Laïla fait son cinéma

La réalisatrice marocaine Laïla Marrakchi s’est signalée avec d’impeccables courts-métrages. Une jeune créatrice à suivre.

Publié le 28 juillet 2003 Lecture : 3 minutes.

Laïla Marrakchi a le sourire timide de ceux qui savent que le travail et l’oeuvre comptent plus que les honneurs. Depuis ses débuts en tant que réalisatrice, elle cumule les récompenses. Son premier film, L’Horizon perdu, a obtenu en 2002 le Prix de la Société des auteurs et compositeurs dramatiques à la Quinzaine des réalisateurs de Cannes. Plus récemment, au VIIe Festival national du film du Maroc, à Oujda, elle a reçu le Prix de la mise en scène et le Prix du premier court-métrage pour son film Deux cents dirhams.
L’épithète qui vient à l’esprit pour qualifier une jeune artiste est toujours le même : « prometteuse ». On le dit trop souvent, et parfois avec un brin de désinvolture. Mais dans son cas, on pourra bientôt vérifier si les promesses de ses courts-métrages sont tenues par le long qu’elle est en train d’écrire. Et dont, bien sûr, elle ne souhaite pas parler.
Laïla Marrakchi est née le 10 décembre 1975, à Casablanca. Jusqu’au bac, elle a fait ses études à l’école, puis au lycée français, avant de quitter le Maroc pour la France. Une transition tout en douceur qui ne lui laisse pas de mauvais souvenir et qui, paradoxalement, lui a permis de porter un regard neuf sur sa propre culture. « Le voyage, dit-elle, m’a fait découvrir mon très fort attachement au Maroc. » À Paris, ville de culture(s) et de découverte(s), Laïla a pu se laisser aller à une consommation cinéphile tous azimuts. Interrogée sur ses références, elle cite pêle-mêle les Américains Martin Scorsese, Woody Allen et Billie Wilder, l’Espagnol Pedro Almodovar mais aussi le Tunisien Férid Boughedir et les comédies italiennes. Tout en précisant que ce sont les sujets, plus que la forme, qui la touchent.
Son destin, c’est donc le cinéma.
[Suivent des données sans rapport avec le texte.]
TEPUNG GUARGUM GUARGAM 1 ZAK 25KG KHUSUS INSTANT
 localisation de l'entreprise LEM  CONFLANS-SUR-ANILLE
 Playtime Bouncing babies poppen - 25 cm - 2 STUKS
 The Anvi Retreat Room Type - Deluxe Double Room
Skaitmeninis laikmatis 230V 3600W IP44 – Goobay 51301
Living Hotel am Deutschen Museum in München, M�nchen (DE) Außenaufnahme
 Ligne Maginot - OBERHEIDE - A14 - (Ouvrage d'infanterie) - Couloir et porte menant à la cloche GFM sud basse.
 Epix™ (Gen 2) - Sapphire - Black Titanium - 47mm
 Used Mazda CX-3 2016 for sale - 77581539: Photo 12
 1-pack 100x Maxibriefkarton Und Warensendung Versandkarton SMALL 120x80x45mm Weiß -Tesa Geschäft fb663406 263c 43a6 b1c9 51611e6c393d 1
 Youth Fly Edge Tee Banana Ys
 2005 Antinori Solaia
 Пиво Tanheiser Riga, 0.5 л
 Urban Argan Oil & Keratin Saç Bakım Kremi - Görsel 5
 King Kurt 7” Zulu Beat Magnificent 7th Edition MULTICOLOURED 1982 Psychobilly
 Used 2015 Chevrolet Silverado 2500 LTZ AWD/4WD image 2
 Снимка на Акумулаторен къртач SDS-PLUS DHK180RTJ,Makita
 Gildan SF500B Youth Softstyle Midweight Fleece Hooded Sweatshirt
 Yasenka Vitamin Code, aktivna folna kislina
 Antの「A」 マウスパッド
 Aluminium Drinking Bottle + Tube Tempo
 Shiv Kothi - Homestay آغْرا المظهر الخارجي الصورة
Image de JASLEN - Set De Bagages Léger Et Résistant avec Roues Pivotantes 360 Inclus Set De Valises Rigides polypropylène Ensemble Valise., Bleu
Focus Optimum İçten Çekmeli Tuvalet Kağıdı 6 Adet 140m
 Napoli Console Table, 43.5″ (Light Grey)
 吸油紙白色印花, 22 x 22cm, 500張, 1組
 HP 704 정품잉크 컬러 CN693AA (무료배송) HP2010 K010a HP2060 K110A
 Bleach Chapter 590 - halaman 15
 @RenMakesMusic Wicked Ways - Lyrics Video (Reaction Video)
En toute logique, elle entre à l’École supérieure de réalisation audiovisuelle (ESRA) et entreprend une maîtrise en études cinématographiques et audiovisuelles à l’université de Paris-VIII. Les stages s’enchaînent : court-métrage, scripte, mise en scène. Son adage est simple : « Plus on pratique, plus on apprend. » Elle travaille donc d’abord comme assistante à la réalisation sur le tournage de Soleil de Roger Hanin (1995), puis Les Victimes de Patrick Granperret, Furia et Over the Rainbow d’Alexandre Aja (1997). Elle confesse avoir du mal à écrire, « à se jeter à l’eau ». Sa première proposition de court-métrage ne sera pas acceptée. Il faudra attendre la deuxième pour que L’Horizon perdu voit le jour en 2000. Le film obtient le Premier Prix du court-métrage au Festival de Turin la même année.
Laïla continue de fourbir ses armes. Elle écrit deux projets de documentaires pour la télévision : Femmes en royaume chérifien, puis Derrière les portes du hammam. Deux sujets qui, s’ils ne voient pas le jour, participent d’une démarche générale sur le cinéma : « Ce qui nourrit mon envie de tourner, dit-elle, c’est essentiellement le Maroc. » Cette tendresse envers son pays d’origine – qui n’empêche pas une attention lucide – transparaît dans ses courts-métrages de fiction. Deux cents dirhams et Momo Mambo sont comparables à des contes philosophiques qui, en quinze et sept minutes en disent plus sur la société chérifienne que bon nombre d’interminables longs-métrages. Deux cents dirhams raconte l’histoire d’un jeune berger dépouillé par son oncle alcoolique d’un billet que le hasard a mis dans ses mains. Le regard que Laïla Marrakchi porte sur ses personnages, mélange délicat d’humour et de clairvoyance, lui permet d’évoquer sans didactisme la condition de l’homme marocain. Rêves, désirs, contraintes sociales, poids de la religion : tout est dit sans être asséné, avec une surprenante économie de moyens. Pour la jeune réalisatrice, « il ne faut pas oublier que le cinéma, c’est d’abord raconter une histoire. Et pas seulement un moyen de dénoncer les choses ». Un peu moins sobre, mais tout aussi percutant, Momo Mambo raconte les fantasmes d’un homme – interprété par l’humoriste algérien Fellag – qui, dans un taxi, s’imagine enlevé et séquestré… dans un salon de coiffure, et soumis au supplice de Tantale d’une torride danse du ventre. Avec ce tour de force remarquable : la danseuse est un travesti. Le tout sur fond de diatribe réactionnaire et intégriste…
En espérant qu’elle saura garder sa fraîcheur et son penchant pour la fable réaliste, on attend avec impatience le premier long-métrage de Laïla Marrakchi.